Questions for further examination or the “Stalin Problem” (reality):

  • Is it unrealistic for NYTimes.com to grow their national audience reach much more than 3.3% considering their print audience reach is ~1million or roughly 0.3%?
  • Generating 84 million uniques per month would make NYTimes.com the number 5 website in the entire world, ahead of Wikipedia.org

Preliminary conclusions:

  • Pursuing online audience growth strategies to grow revenue may not be the best way to grow revenue
  • Absent online advertising innovations, newspapers must seek alternative revenue streams to achieve economic sustainability.

6 responses to “Online audience growth: not a solution to newspapers’ problems?”

  1. Retrenching on online growth strategies cannot be an option, even if those revenues won’t support the current set-up. Those operating costs are the key here. It’s an interesting exercise to eliminate print costs as it reminds us how much the current newspaper business is about the ‘paper’ bit ($1bn) vs the ‘news’ bit ($200m, by your calculation). But what’s the additional $1.7bn that’s not newsgathering being spent on? And how many of the NYT’s headcount of c. 12000 (can someone correct/update that figure) are actually creating content? How does the NYT’s headcount compare to, say, The Guardian?

  2. Well the NYT has an editorial headcount around 1,200 – compare it to the Telegraph with an editorial headcount currently around 500.

    And I think his percentage on abandoning print is way out…

  3. Imagine if the newspapers put an interactive letterhead around all the external emails sent by their employees and then charged companies to advertise in this letterhead.

    Companies seem to ignore the single largest online branding/advertising venue available: their own regular external emails.

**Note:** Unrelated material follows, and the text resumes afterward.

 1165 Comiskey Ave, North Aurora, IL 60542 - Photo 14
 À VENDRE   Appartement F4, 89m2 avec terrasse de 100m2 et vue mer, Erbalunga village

Why not use these emails to market the senders company?

    You have a website.
    You send emails.

    Why not multiply your sales-staff by “wrapping” the regular email in an interactive letterhead?

    No other marketing or advertising medium is as targeted as an email between people that know each other (as opposed to mass emails). These emails are always read and typically kept.

  4. Isn’t part of the problem here though the unrealistic manner in which newspaper audiences are measured online which is the basis for advertising CPMs? Imagine if print sales discounted the number of times a reader bought a newspaper and merely reduced them to the status of unique monthly buyer.

  5. Here’s Frederic Filloux on cost structure:

    In a typical operation, the biggest costs are industrial ones: around 25%-35% for paper and printing; another 30%-40% for distribution; around 18-25% for editorial; the remaining 10-15% are for administrative and marketing expenditures. It varies from country to country but we can safely assert most of the costs — at least 60% — are industrial in nature.